Instructions to follow: Please reproduce the records exactly, leaving out any pictures.

The data:
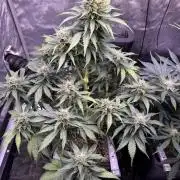 Gorilla Cookies Auto
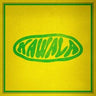 KAWALA - KAWALA COLLECTION
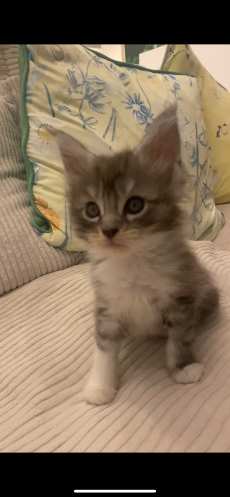 Maine Coon 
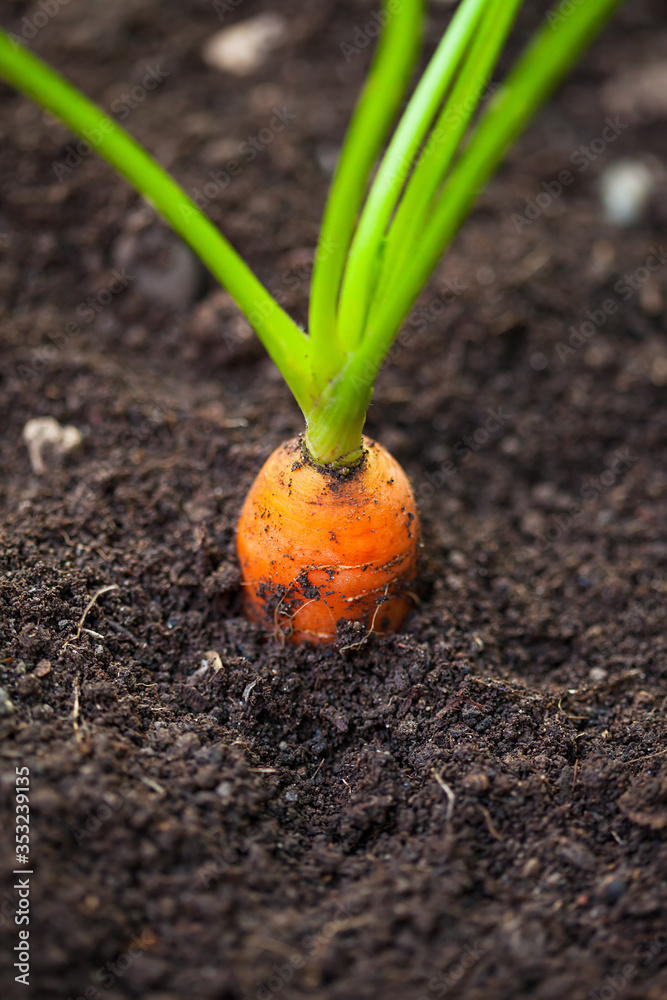 Seedling fresh ecological carrot. Seedling fresh ecological carrot.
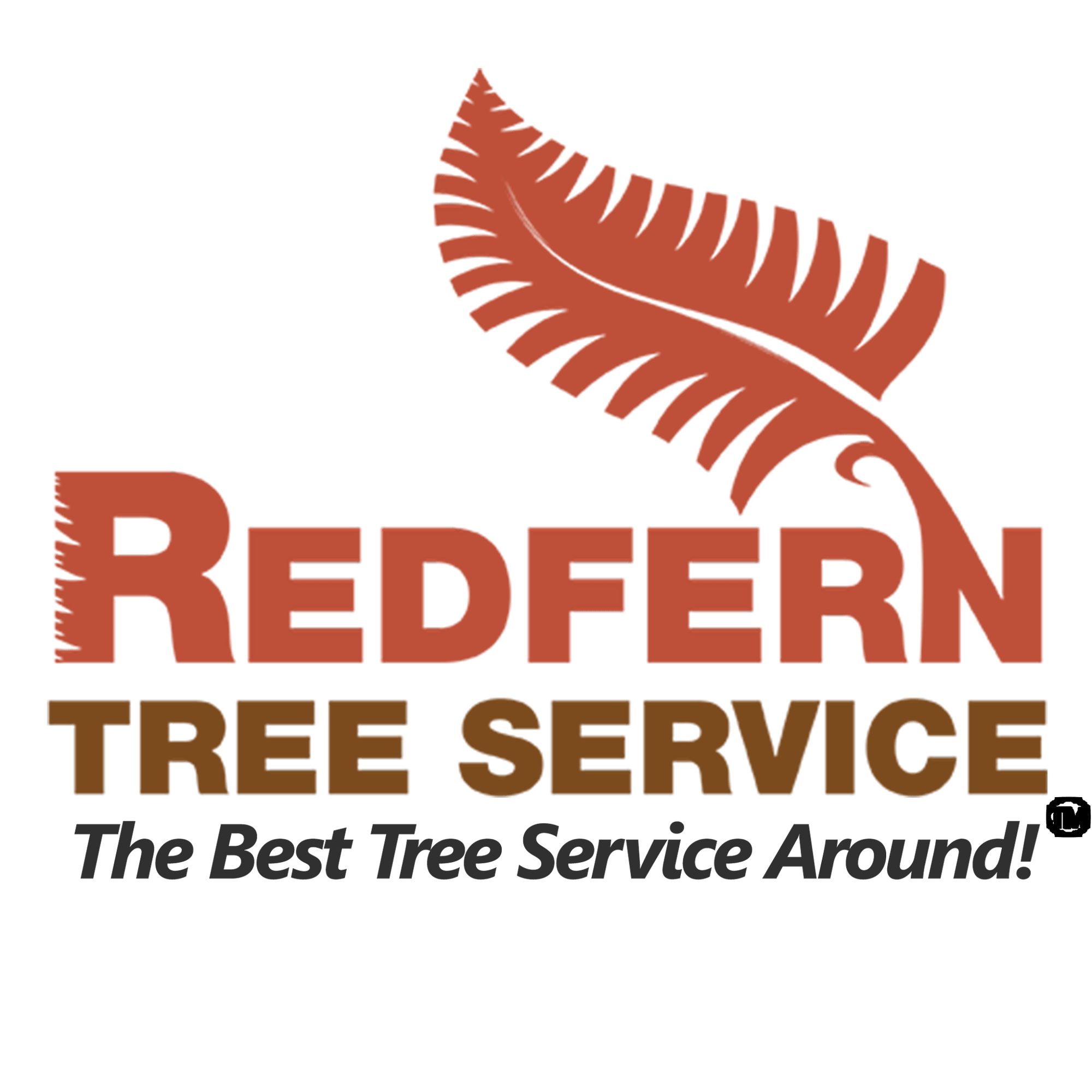 Redfern Tree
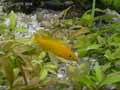 Lamprologus-leleupi-20120822222803.jpg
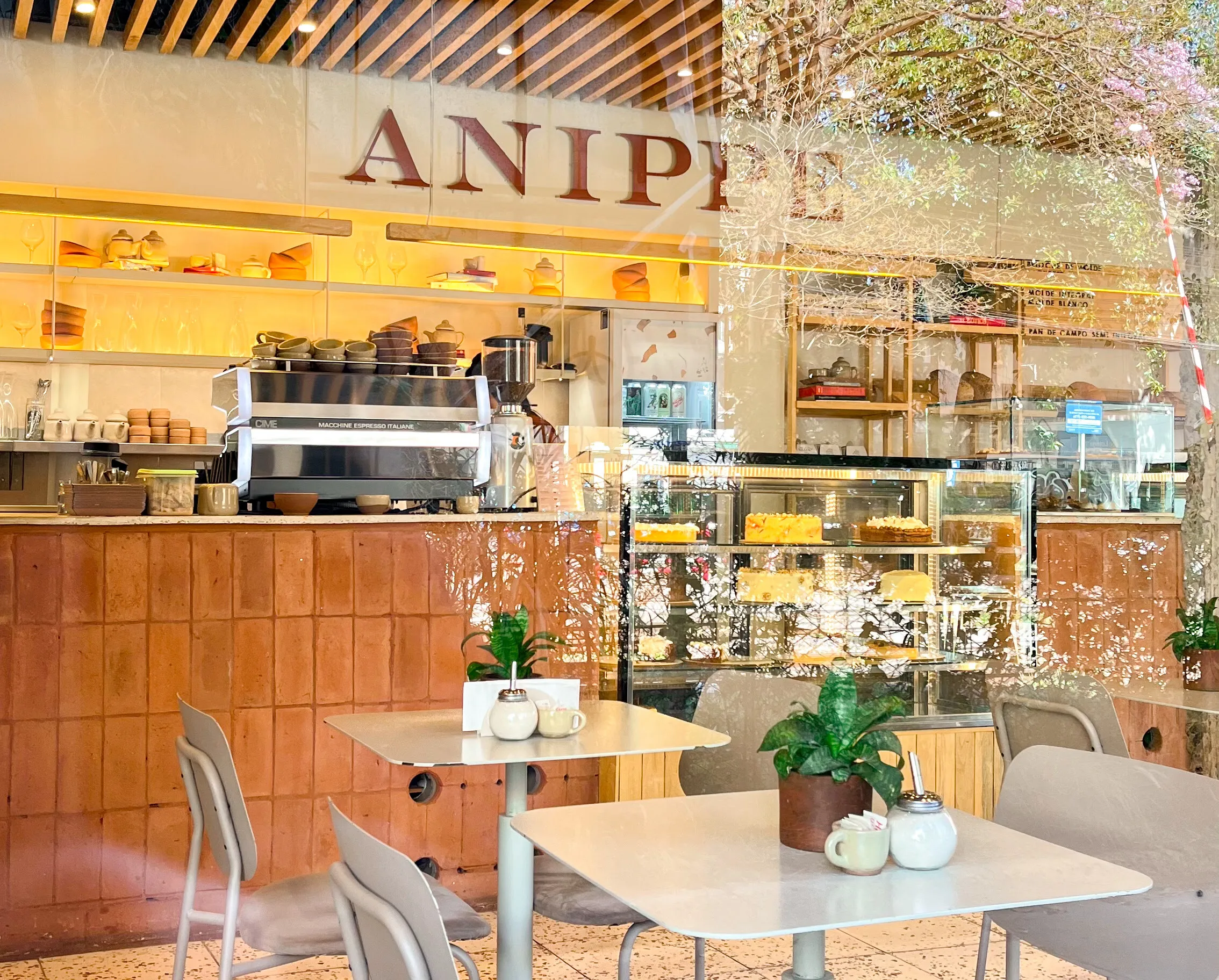 anippe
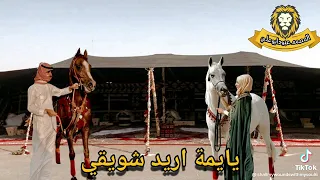 احلى رنات هاتف         اجمل نغمة رنين حب   افضل نغمات رنين للهاتف حب      نغمة دندنها
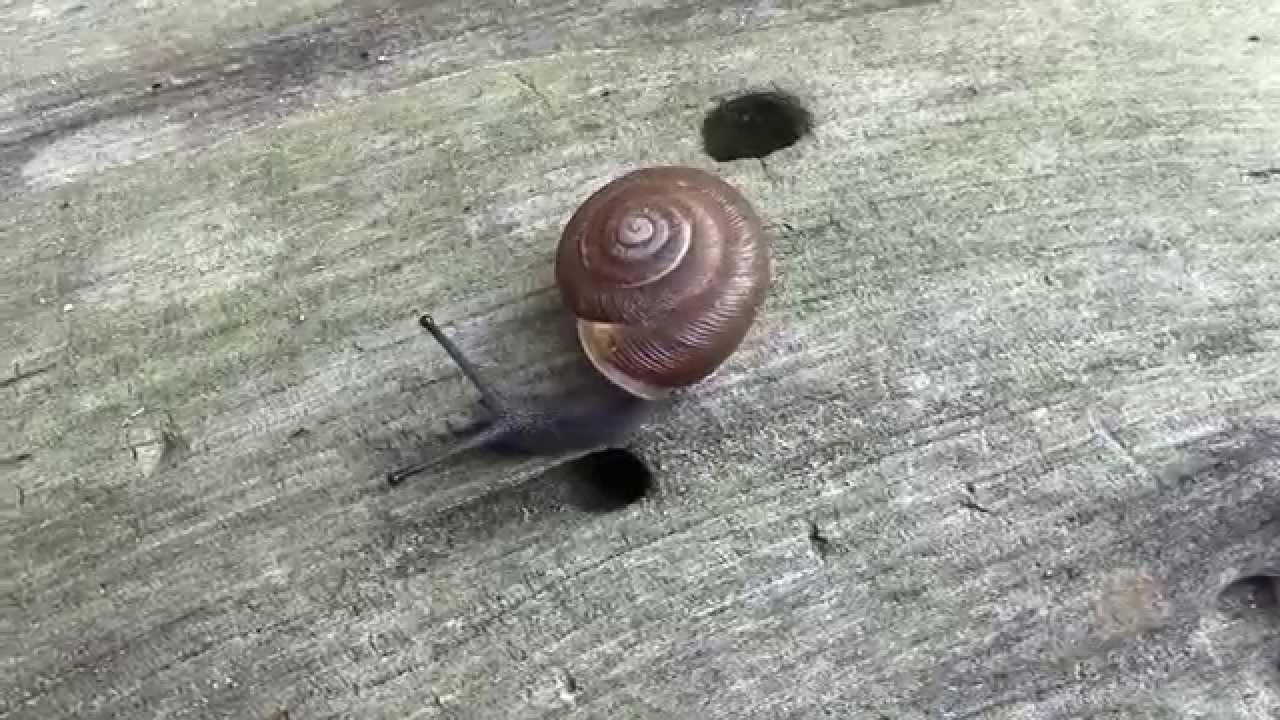 Triodopsis species (undescribed) Snail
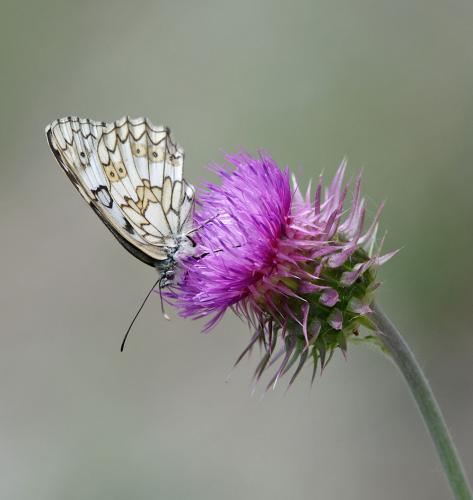 Melanargia russiae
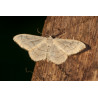 Riband Wave Moth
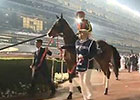 Dubai World Cup: Dubai Sheema Classic Dubai World Cup: Dubai Sheema Classic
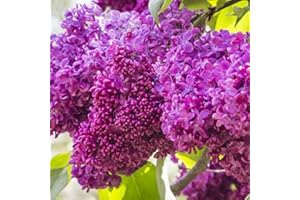 ARBORIX, GRÜNER UND BILLIGER! Syringa Vulgaris 'Charles Joly'- Lilas commun 'Charles Joly' 40-60 cm en conteneur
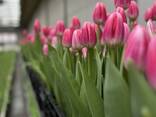 Тюльпаны оптом от производителя - фото 14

Response:
 Gorilla Cookies Auto
 KAWALA - KAWALA COLLECTION
 Maine Coon 
 Seedling fresh ecological carrot. Seedling fresh ecological carrot.
 Redfern Tree
 Lamprologus-leleupi-20120822222803.jpg
 anippe
 احلى رنات هاتف         اجمل نغمة رنين حب   افضل نغمات رنين للهاتف حب      نغمة دندنها
 Triodopsis species (undescribed) Snail
 Melanargia russiae
 Riband Wave Moth
 Dubai World Cup: Dubai Sheema Classic Dubai World Cup: Dubai Sheema Classic
 ARBORIX, GRÜNER UND BILLIGER! Syringa Vulgaris 'Charles Joly'- Lilas commun 'Charles Joly' 40-60 cm en conteneur
 Тюльпаны оптом от производителя - фото 14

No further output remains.